Coughing and spluttering, smoke stinging my eyes and burning my throat, I snatched up my pack and shoved a dirt-smeared miner out of my way as I bolted for the door. I got out a split-second before the panicked and heaving mob behind me blocked the only exit to the street in a frantic attempt to claw their way out of the inferno all at the same time. Those at the back would die choking if they were lucky, burning if not.
I sensed the attack a moment before blackened steel came swinging through the smoke towards my face. I ducked and an axe crunched through the skull of the unlucky sap behind me. A bearded Skallgrim raider in chain and furs, his shaven head tattooed with angular runes, snarled and yanked at the weapon embedded in the corpse blocking the doorway. Head still down, I charged, ramming my shoulder into his belly. He lost grip of his weapon and stumbled, falling to one knee. I wasn’t a great fighter, but even I knew that only fools gave their foes time to think. I booted his raised knee and it crunched inwards. He fell onto all fours and I stamped on his weapon-hand, grinding down. He howled in pain as small bones popped beneath my heel.
I thought he was done and tried to make my escape, but he had other ideas. He grabbed hold of my belt with his uninjured hand and hauled me closer. I tried to pull away but the press of bodies behind me made that impossible. He launched himself forward, jaw clamping down on my crotch. Shitshitshitshit – it wasn’t the first time somebody had swung an axe at my face, but nobody had tried to bite my cock off before! In drunken panic a trickle of magic squirted through my flesh, strengthening muscles. I smashed my fist into the raider’s face and his teeth lost their grip. My knee snapped up to break his nose with a crunch of bone and cartilage. He went down hard, shaved head cracking off the cobbles. The protective runes inked into his scalp didn’t seem to help much as my boot rammed into his face, once, twice, then again for good measure, leaving it a toothless cavern – that biting bastard was finished now.

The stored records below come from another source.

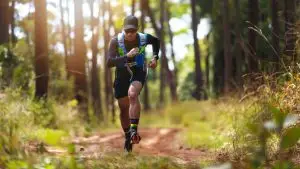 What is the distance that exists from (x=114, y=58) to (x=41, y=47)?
7852 millimetres

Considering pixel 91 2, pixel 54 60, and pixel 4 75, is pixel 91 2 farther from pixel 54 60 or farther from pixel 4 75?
pixel 4 75

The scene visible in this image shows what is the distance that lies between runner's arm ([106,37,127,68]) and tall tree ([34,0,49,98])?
7260 mm

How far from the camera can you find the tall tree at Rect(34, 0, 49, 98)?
1407 cm

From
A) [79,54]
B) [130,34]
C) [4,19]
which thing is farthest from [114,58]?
[79,54]

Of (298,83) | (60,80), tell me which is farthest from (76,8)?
(298,83)

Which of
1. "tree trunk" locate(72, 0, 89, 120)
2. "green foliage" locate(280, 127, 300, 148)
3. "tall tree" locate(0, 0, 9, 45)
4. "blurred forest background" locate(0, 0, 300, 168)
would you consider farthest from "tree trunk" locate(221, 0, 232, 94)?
"green foliage" locate(280, 127, 300, 148)

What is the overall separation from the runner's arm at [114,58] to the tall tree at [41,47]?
726cm

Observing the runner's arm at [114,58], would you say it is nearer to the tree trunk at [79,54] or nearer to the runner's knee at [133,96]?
the runner's knee at [133,96]

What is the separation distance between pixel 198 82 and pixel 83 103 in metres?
10.8

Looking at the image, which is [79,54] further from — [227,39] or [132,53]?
[132,53]

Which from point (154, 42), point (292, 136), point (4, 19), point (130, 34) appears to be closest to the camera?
point (292, 136)

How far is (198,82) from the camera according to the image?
29.4m

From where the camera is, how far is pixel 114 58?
7004 mm

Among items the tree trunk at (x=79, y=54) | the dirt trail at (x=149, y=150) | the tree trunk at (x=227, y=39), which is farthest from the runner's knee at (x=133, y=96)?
the tree trunk at (x=227, y=39)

I frantically checked my crotch. I was all there. Fortunately he had just eaten linen. These Skallgrim were cracked in the head – I was all for fighting dirty, but trying to bite a man’s cock off was just plain wrong.
A half-dozen people scrambled out behind me, wheezing for air and hissing in pain, their legs and backs blackened and blistered. A handful more crawled out into the muddy street, hair and clothes smouldering. The rest were dead or dying. The sulphurous reek of burnt hair was vile enough, but the fetor of burning human flesh made me gag: that sweetly putrid coppery stench is so thick and cloying that it is more like taste, and not something you ever got used to, or forgot.

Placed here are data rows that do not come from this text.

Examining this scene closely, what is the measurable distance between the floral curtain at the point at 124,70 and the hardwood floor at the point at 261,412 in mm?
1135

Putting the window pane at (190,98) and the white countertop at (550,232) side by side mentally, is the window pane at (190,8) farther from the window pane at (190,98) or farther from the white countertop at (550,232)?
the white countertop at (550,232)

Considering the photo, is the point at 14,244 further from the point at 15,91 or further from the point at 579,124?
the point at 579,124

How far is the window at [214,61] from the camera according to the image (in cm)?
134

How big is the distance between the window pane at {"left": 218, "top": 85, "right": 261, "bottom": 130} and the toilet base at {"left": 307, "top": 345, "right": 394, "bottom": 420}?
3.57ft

The Worm of Magic had uncoiled inside my mind and was begging to be unleashed, promising to extinguish my panic. Magi had never determined if the Worm was real – the urgings of a living magic wanting to be used – or an imaginary personification invented to explain magic’s effects on the human body, but in any case the seduction to use magic was a palpable need, and the more you used it, the more holes the Worm ate through a magus’ self-control. Like a leaky bucket riddled with woodworm, sooner or later most of us gave in and let the magic flow. That was the beginning of the end – there was no patching over holes in self-control if the entire bottom of the bucket fell out. I fought down its urgings to open my Gift wide and let the sea of magic beyond flood through unchecked – when you’ve had magic-sniffing daemons snapping at your heels for ten years it tends to make you wary about advertising your presence, and I’d already been stuck in this dunghill town too long for comfort thanks to those missing ships.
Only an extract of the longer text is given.